The Health and Safety Executive is planning to increase the powers of its inspectors in response to MPs' calls for more prosecutions.
It is understood that the Health and Safety Commission, which is in charge of HSE policy, decided this week to introduce stricter inspections in 2002.

The decision comes after the HSE was criticised by MPs in the former DETR select committee last year. The select committee listed its recommendations in a consultation document entitled Safety Law Enforcement, published in June last year. In the document, MPs asked the HSE to increase the number of accident investigations and bring forward legislation to increase fines for safety offences.

According to an insider, the commission decided that the HSE would step up the number of investigations after fatalities on site, with the aim of increasing prosecutions.

The roles of HSE inspectors would be better defined said the source. He said guidelines advising when an inspector should recommend legal action must be clearer and more comprehensive. Inspectors would then have a better understanding of where they stood legally, and the public and the industry would have a better grasp of why a prosecution had, or had not, been initiated.

However, the source added that there was some disquiet over the call for more prosecutions. "Enforcement is to be the theme of the song," he said. "The HSC committee is aware of the criticisms of the parliamentary select committee and the overall aim is to tighten enforcement."

He said more prohibition orders and improvement notices should be issued to try to nip problems in the bud.

It is also understood that the HSC is in discussions with health and safety minister Alan Whitehead over plans to introduce a bill on corporate killing. This would replace legislation on corporate manslaughter, which has been deemed ineffective.

An insider on the HSC committee said talks had been going on with Whitehead over this matter.

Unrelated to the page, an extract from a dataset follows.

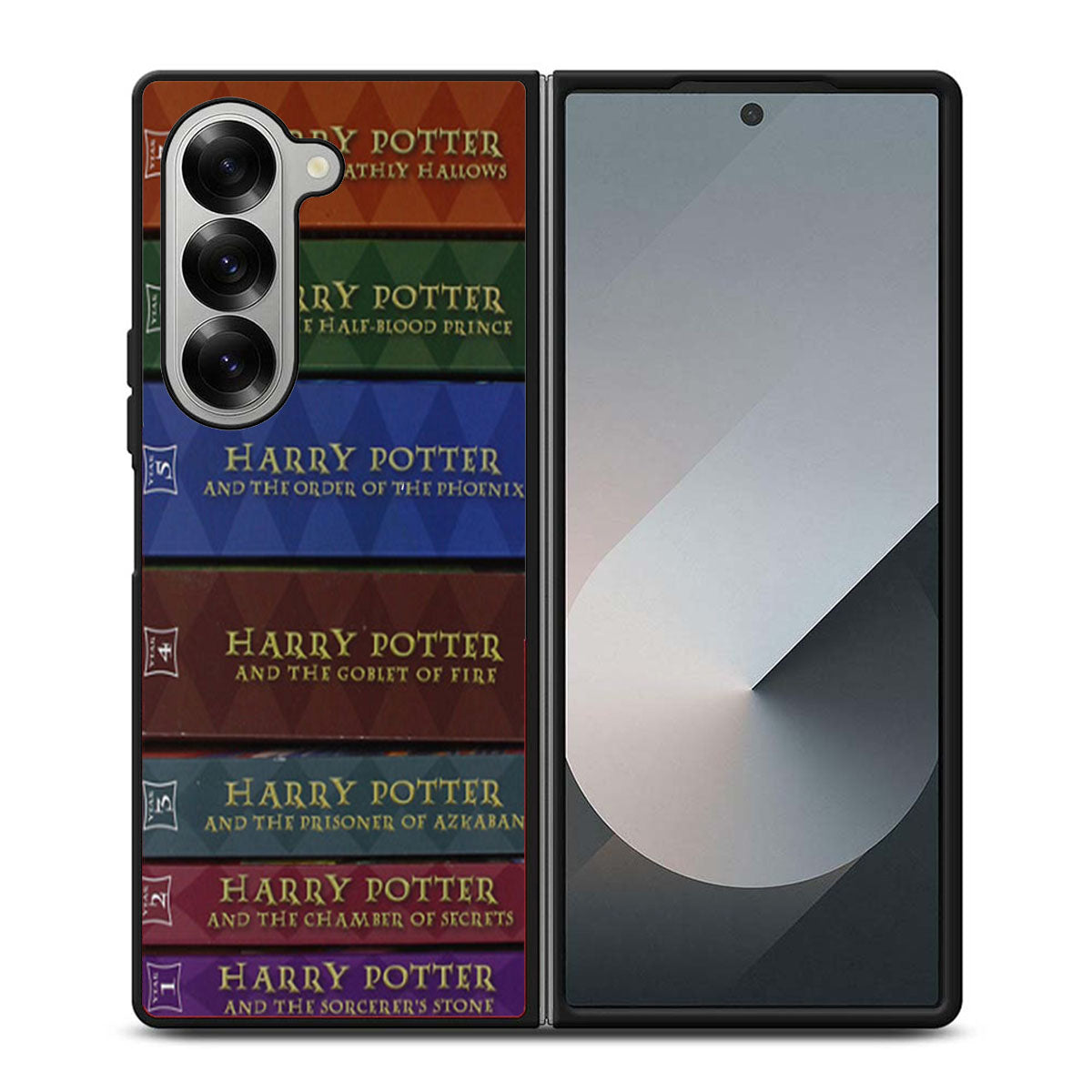 Harry Potter Books New Series Samsung Z Fold 6 Case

The decision to adopt a tougher line coincides with the release of statistics by the HSE showing an increase in the number of industry deaths of more than a quarter in the year ending 31 March 2001.

The figure for fatalities in the construction industry this year was 106, the highest since the early 1990s.

  • A girl aged three was killed in Kent last Saturday when scaffolding collapsed on her. The child has not yet been named, and neither the construction firm in charge of erecting the scaffolding nor the contractor has been identified. The police and the HSE are investigating.